With its current exhibit, "Urgent Care", TCGM has curated a collection of pieces that FEEL like Black women. Imagine if you took all of the healing power from your mother, your mother's mother, and your aunties and placed it all in one room. The result would be tremendous. Now imagine an entire house dedicated to this alchemy. With great care and consideration, the works of Black women artists have been placed side by side, set in conversation with one another. And as I walked from room to room, with my senses fully immersed (Laura Mvula played in the background), I realized that even the location, a 3-story Victorian Home in Germantown magnified the impact of the work. I tried to imagine these same pieces amongst the white walls of an art gallery and failed to see a version where the potency of the work didn't become inadvertently sanitized.
The Colored Girls Museum is a love note to our foremother's. A thank you note for their tireless work ethic and finesse while doing so.
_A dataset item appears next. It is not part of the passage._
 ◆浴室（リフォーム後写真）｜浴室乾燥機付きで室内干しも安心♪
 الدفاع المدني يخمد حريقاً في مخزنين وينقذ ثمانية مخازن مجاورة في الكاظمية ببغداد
It is a sheer and utter celebration of the work of Black women. Work that often includes domestic labor which is normally devalued and dismissed.
Some of my favorite pieces included Nasstassja Swift's "Concealer" which showed that "whiteness can never conceal blackness." Then there was "Fainting is not for me" which posited that "for the colored girl, fainting could cost them their life." I fell in love with the permanent exhibit "Tribute to The Washer Womyn" by Monna Morton and Denys Davis. And then I fell in love again when I saw the work of Emily Carris.
The whole space is stunning and deserves your visit on a cold rainy day in the Spring or a long hot day in the Summer. Go again and again and again and pay homage to the Colored Girl. Seeing our work valued. I can't say enough how good that felt.